((

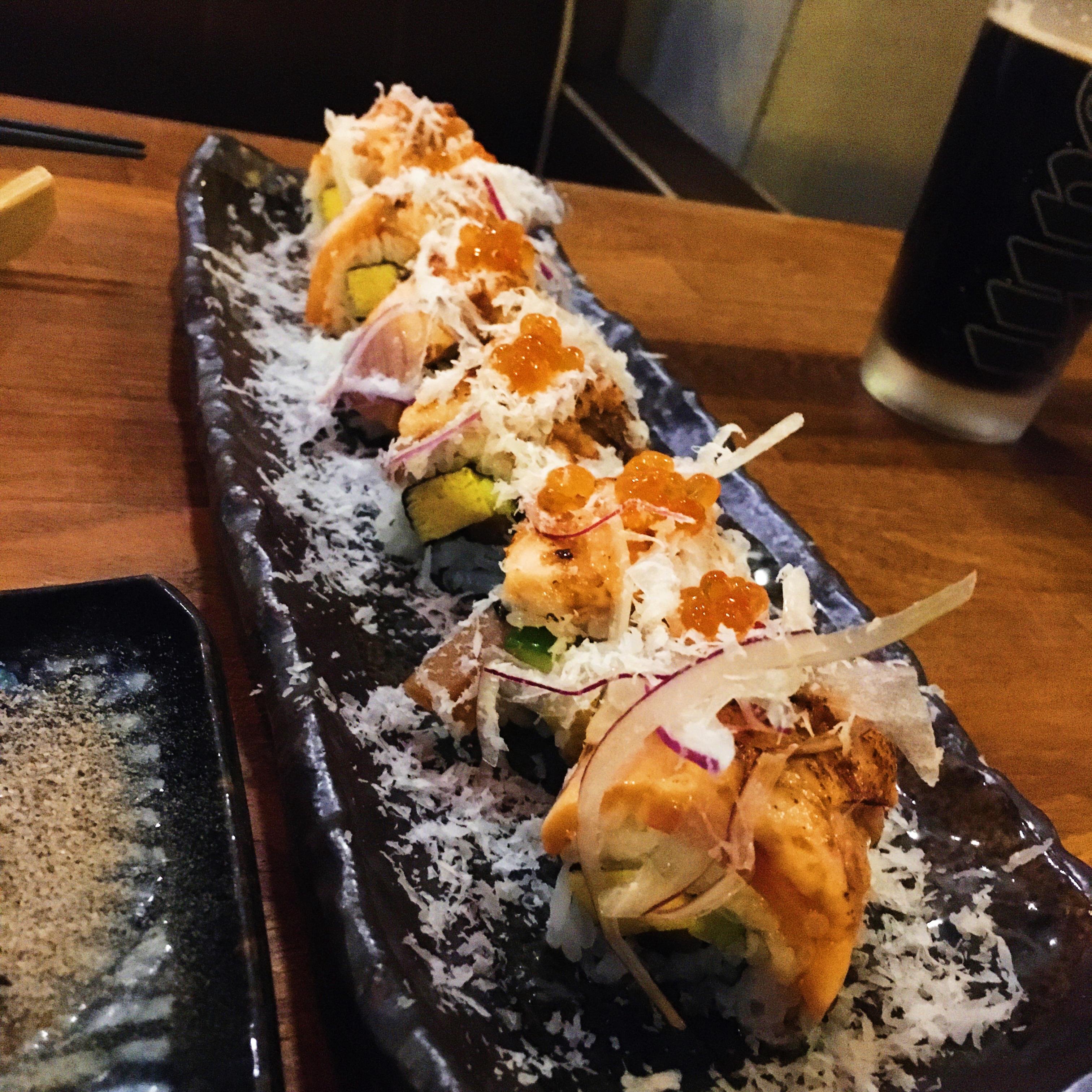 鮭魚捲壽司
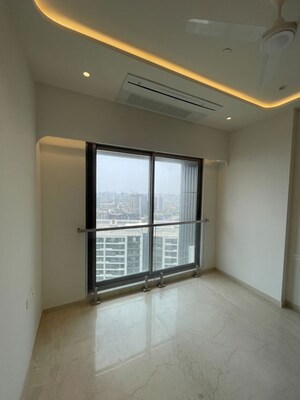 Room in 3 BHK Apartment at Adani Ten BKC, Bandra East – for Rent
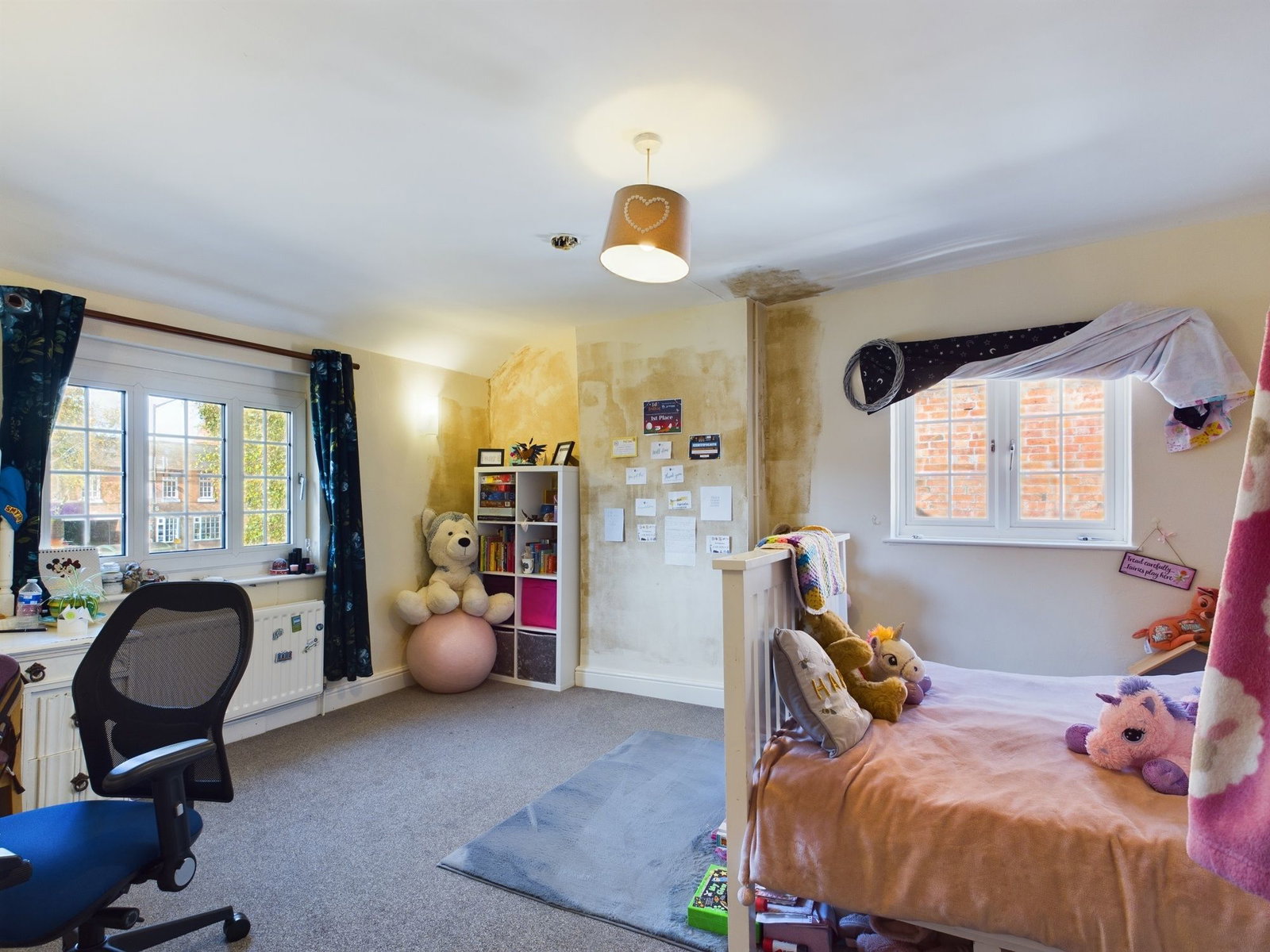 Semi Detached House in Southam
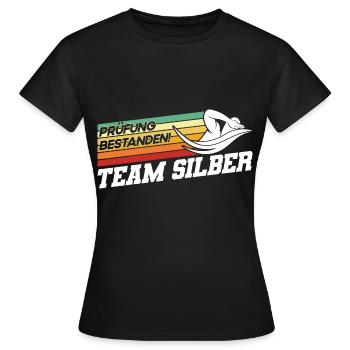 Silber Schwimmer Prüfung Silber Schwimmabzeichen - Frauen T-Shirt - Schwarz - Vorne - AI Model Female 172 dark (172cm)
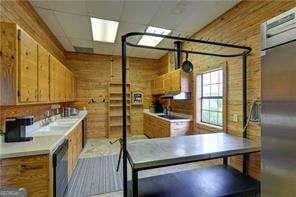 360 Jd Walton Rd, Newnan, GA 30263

))

WHAT IS NEEDED:
Pictures don't belong in the copy. Retype exactly the lines from the one with "Semi Detached House in Southam" through the last line of the records.

YOUR SOLUTION:
 Semi Detached House in Southam
 Silber Schwimmer Prüfung Silber Schwimmabzeichen - Frauen T-Shirt - Schwarz - Vorne - AI Model Female 172 dark (172cm)
 360 Jd Walton Rd, Newnan, GA 30263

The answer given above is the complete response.